La CEDU ci ha chiesto di riomuovere le cause strutturali che generano trattanenti inumani e degradanti, e tutto questo non si è realizzato. In realtà fin dall’emanazione della sentenza Torreggiani l’Italia avrebbe dovuto rimuovere subito i trattamenti inumani, per questo abbiamo proposto da anni un provvedimento di amnistia e indulto. Certo possiamo dire che ci sono meno detenuti, ma rimane la situazione di una pena illegale che continua a essere eseguita nelle nostre carceri, anche nella forma della custodia cautelare.
Gli aspetti della pena illegale in Italia non riguardano solo gli spazi a disposizione di ciascun detenuto (e qui il sovraffollamento persiste) ma anche la possibilità di accesso alle cure. Su questo versante la situazione è disastrosa, perché oltre i tossicodipendenti, che sono il 32%, il 27% di detenuti ha un problema psichiatrico. Non solo: malattie infettive debellate all’esterno dietro le sbarre si diffondono sempre di più. Tra queste, l’epatite C è la più frequente (32,8%), seguita da Tbc (21,8%), epatite b (5,3%), Hiv (3,8%) e sifilide (2,3%). Con tutti i rischi di diffusione di queste malattie all’esterno. Per quel che riguarda inoltre le possibilità di accesso alle attività trattamentali, quali il lavoro e lo studio siamo ancora all’anno zero. C’è una percentuale bassissima di detenuti che può svolgere lavori poi spendibili all’esterno. Su quasi 60.000 detenuti, solo 2.278 solo quelli che svolgono attività per datori di lavoro esterni, mentre 12.268 fanno lavori poco qualificanti all’interno del carcere.

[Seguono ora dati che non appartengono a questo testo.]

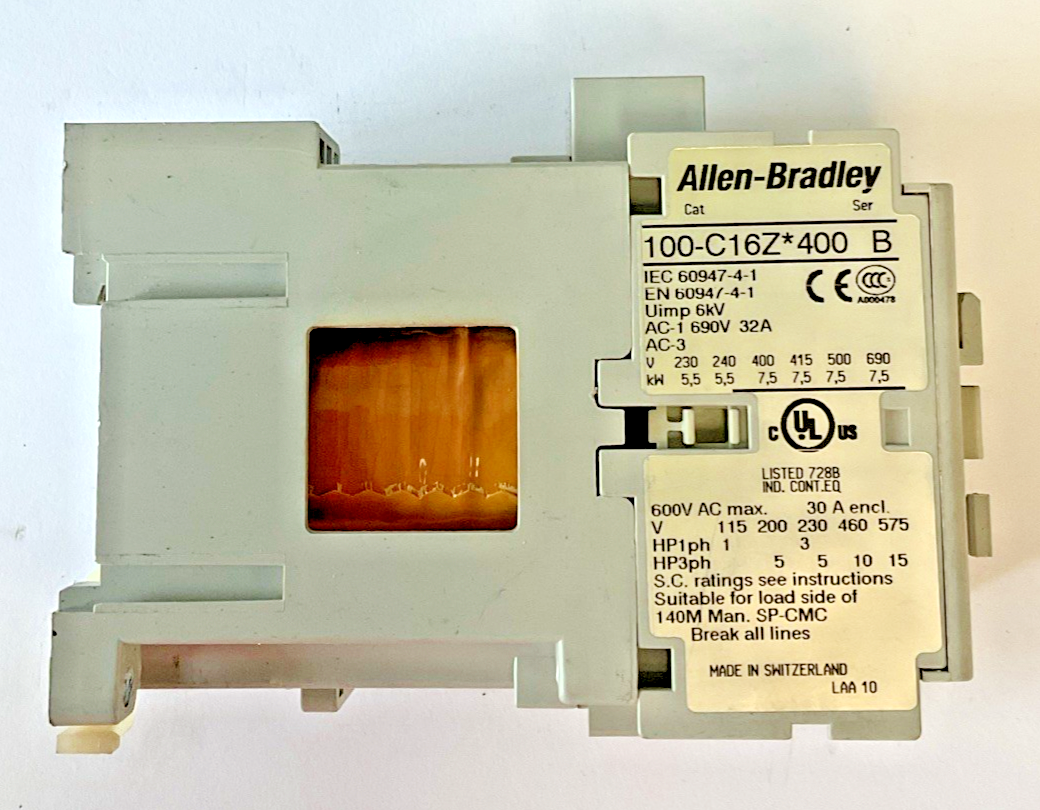 ALLEN BRADLEY 100-C16Z*400 CONTACTOR SER.B 600VAC 32A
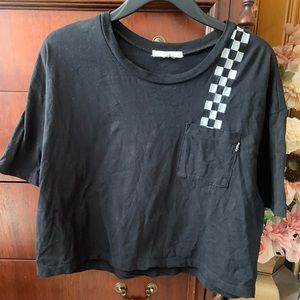 Vans cropped tee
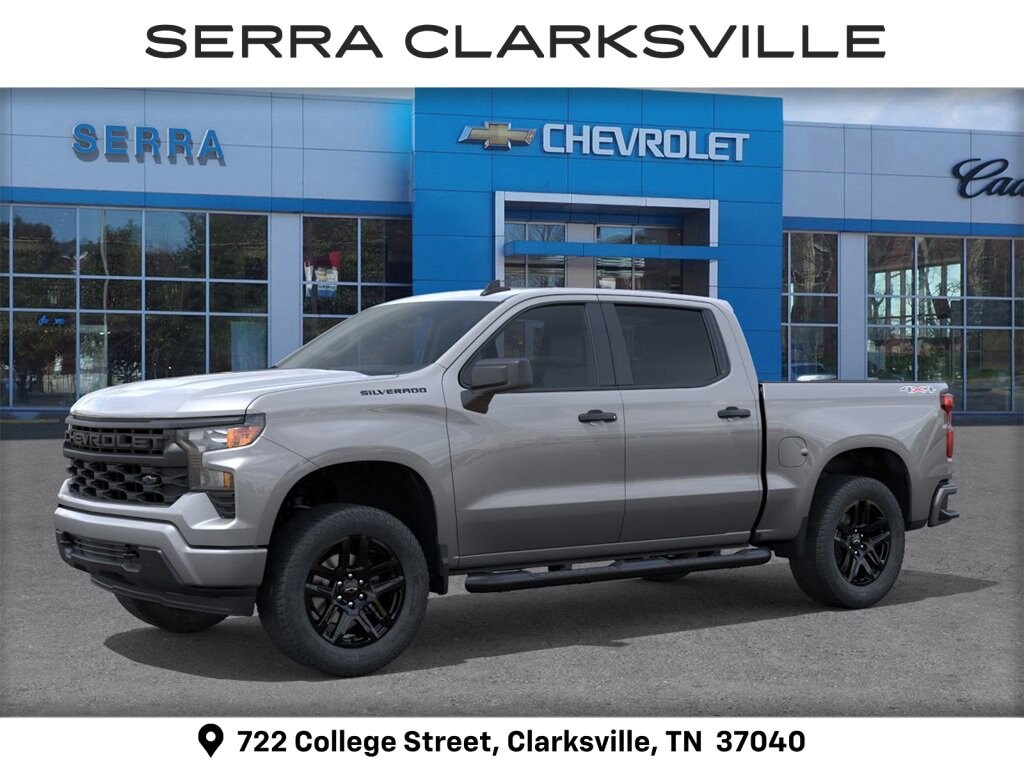 New 2026 Chevrolet Silverado 1500 Custom Truck Crew Cab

Quanto agli interventi approvati per ridurre l’emergenza sovraffollamento, queste misure non sono tali da far uscire l’Italia dall’illegalità e farla rientrare nei parametri costituzionali italiani ed europei. In particolare va sottolineato che ancora una volta la politica ha scaricato le decisioni sui magistrati di sorveglianza. Questi ultimi non riuscivano a star dietro a tutte le istanze presentate dai detenuti in quanto la pianta organica, peraltro insufficinte, che prevede 173 unità, in realtà vede coperti soltanto 158 posti. A ciò si aggiunga il fatto che ancora più carente è il personale amministrativo e di cancelleria. Inoltre fra i compiti aggiuntivi per i magistrati di sorveglianza, c’è quello del cosiddetto ‘rimedio interno’ che l’Italia ha dovuto prevedere viste le tantissime istanze presentate alla Corte Ue da parte di detenuti. In base a questa norma, il detenuto deve fare tutta la trafila interna e alla fine del provedimento, se ritiene che i suoi diriti siano stati violati, può fare ricorso alla Corte Europea.
La democrazia e lo stato di diritto si possono realizzare solo difendendo i diritti umani fondamentsli. Ne siamo, purtroppo, ben lontani.